島根県奥出雲と和歌山県有田・下津が世界農業遺産に認定される
令和7年8月26日、国際連合食糧農業機関(FAO)によって、島根県奥出雲地域と和歌山県有田・下津地域の2つの地域が新しく世界農業遺産に認定されました。このニュースは、地域の伝統的な農業システムと、持続可能性に対する国際的な評価を象徴するものです。これにより、日本国内の世界農業遺産認定地域は合計17地域となりました。
世界農業遺産とは
世界農業遺産は、特定の地域で代々受け継がれてきた独自の農林水産業と、それに関連する文化や景観、農業生物多様性が相互に結びついた重要な制度です。この制度を通じて、農業そのものだけでなく、それを取り囲む社会や環境の持つ重要性も認識されます。
島根県奥出雲地域の特色
島根県奥出雲地域は、「たたら製鉄を再適用した持続可能な水管理および農林畜産システム」が評価されました。この地域は500年以上にわたって、古来の製鉄法であるたたら製鉄用の砂鉄を採取するために、特有の採掘技術を用いて環境を整備してきました。

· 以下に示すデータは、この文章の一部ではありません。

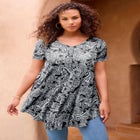 Plus Size Ultra Drape V-Neck Swing Tunic Top image number null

砂鉄の採取に伴い、山々の切り崩しや水路の導入が行われ、これを利用して棚田も再生されています。特筆すべきは、農耕に使用されていた和牛が肉用牛に転換され、その糞が堆肥として水田の土壌改良に活用されている点です。これにより、稲作と畜産が融和した多様な農業が伝統的に受け継がれています。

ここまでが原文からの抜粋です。